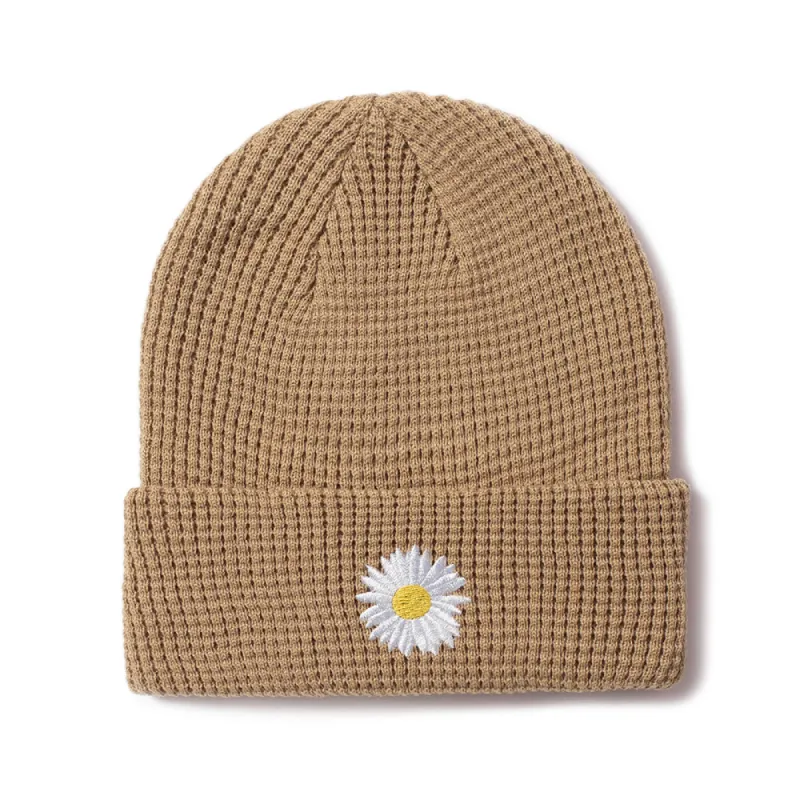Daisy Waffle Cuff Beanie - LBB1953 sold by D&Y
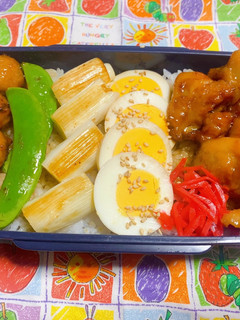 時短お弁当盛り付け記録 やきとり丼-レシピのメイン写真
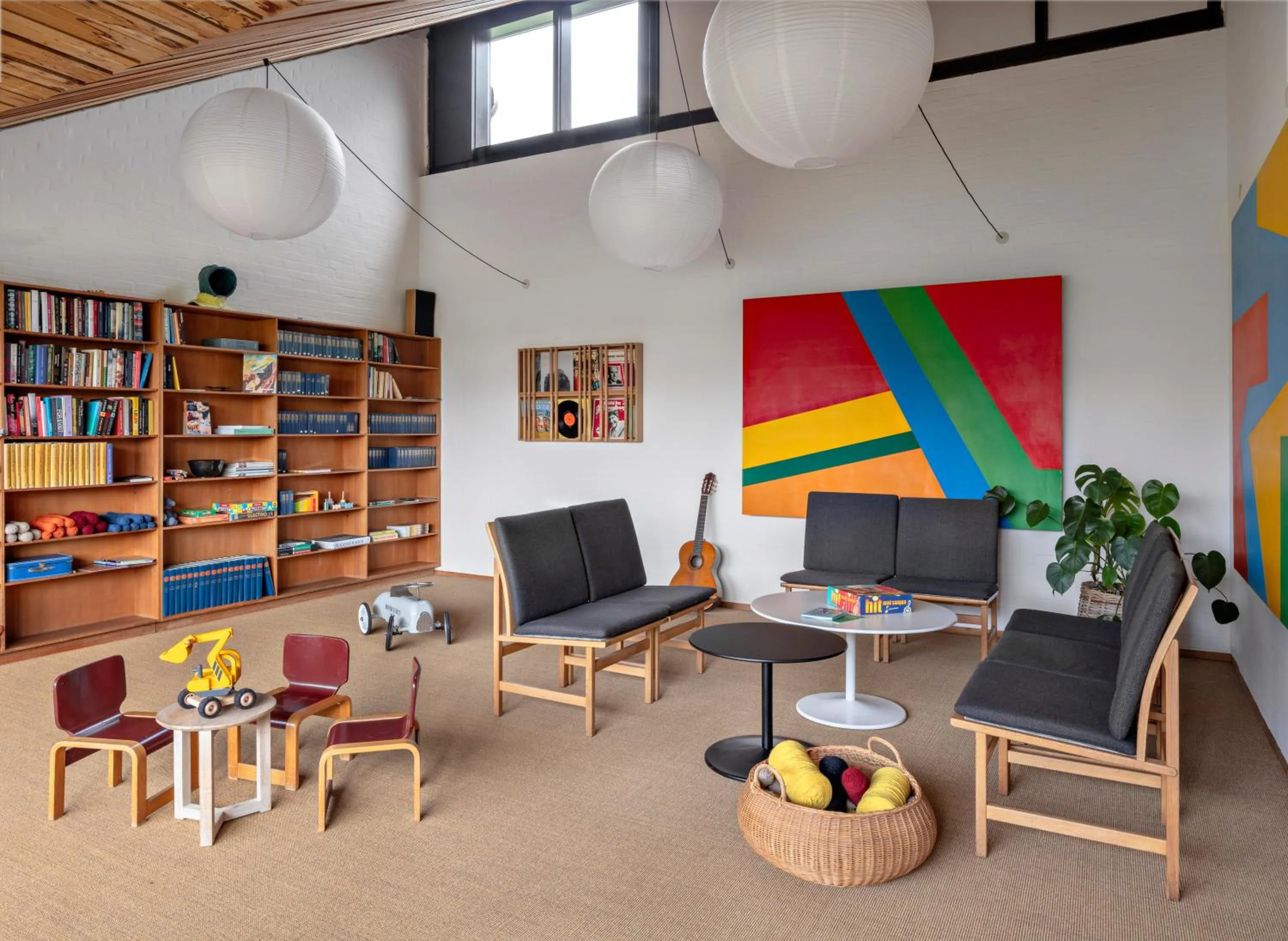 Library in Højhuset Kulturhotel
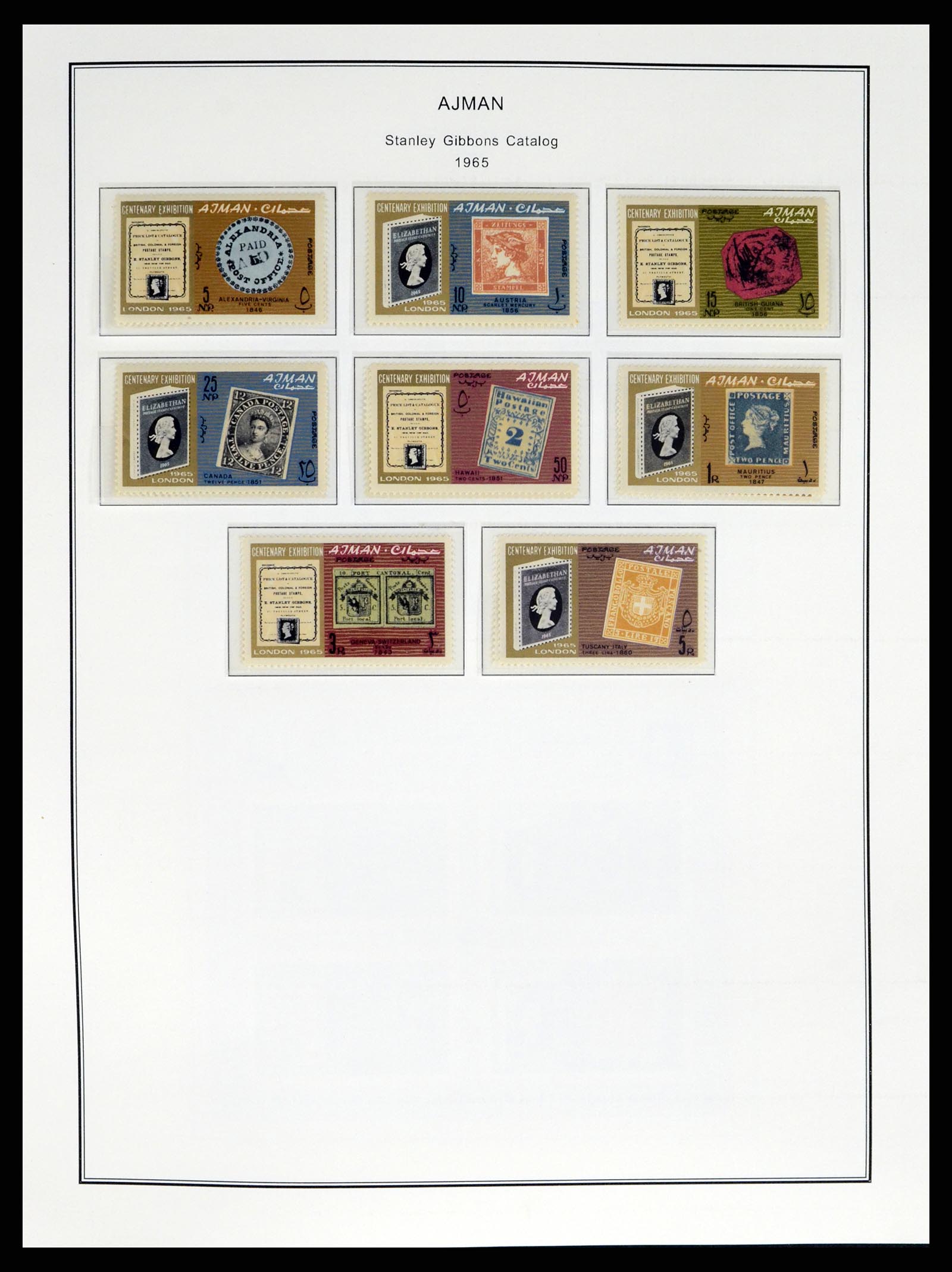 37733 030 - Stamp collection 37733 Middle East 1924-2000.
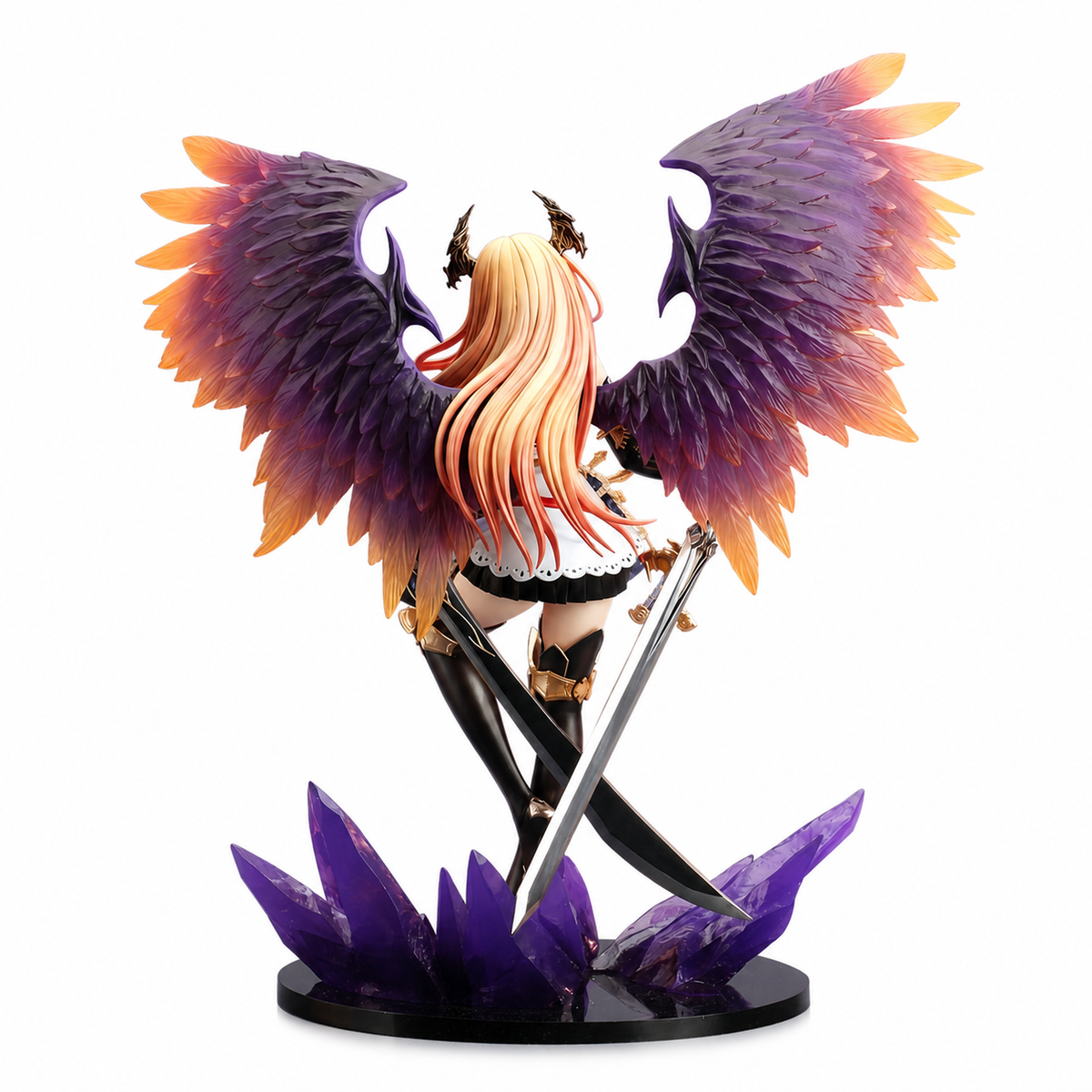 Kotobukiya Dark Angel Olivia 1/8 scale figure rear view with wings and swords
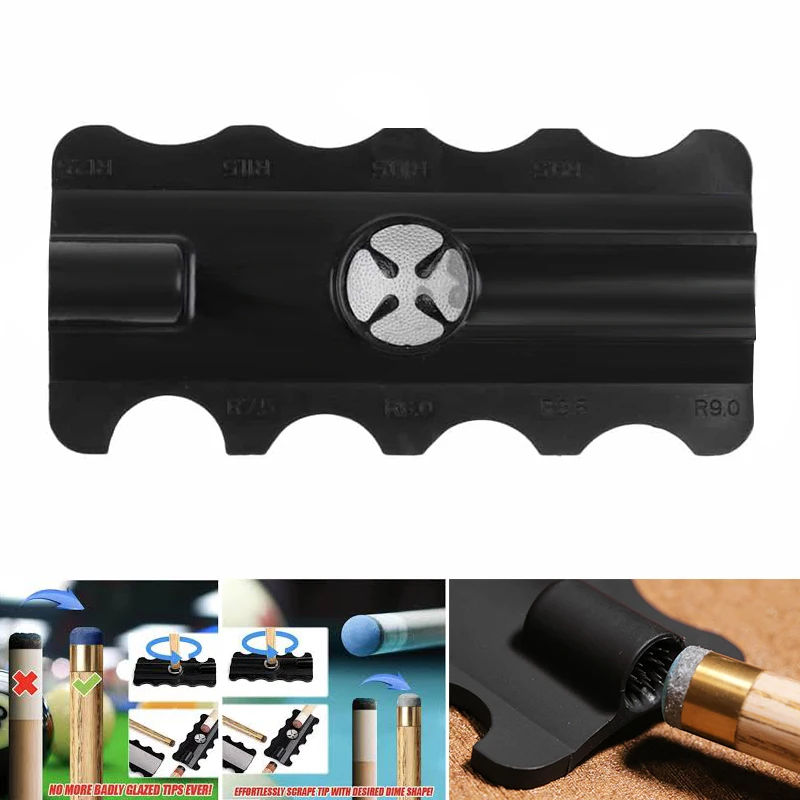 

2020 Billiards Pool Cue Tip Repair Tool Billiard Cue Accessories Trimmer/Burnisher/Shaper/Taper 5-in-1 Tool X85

> _WORK REQUEST_
All entries are to be duplicated exactly, with the pictures left out.

> _RESPONSE TO THIS TASK_
Daisy Waffle Cuff Beanie - LBB1953 sold by D&Y
 時短お弁当盛り付け記録 やきとり丼-レシピのメイン写真
 Library in Højhuset Kulturhotel
 37733 030 - Stamp collection 37733 Middle East 1924-2000.
 Kotobukiya Dark Angel Olivia 1/8 scale figure rear view with wings and swords

2020 Billiards Pool Cue Tip Repair Tool Billiard Cue Accessories Trimmer/Burnisher/Shaper/Taper 5-in-1 Tool X85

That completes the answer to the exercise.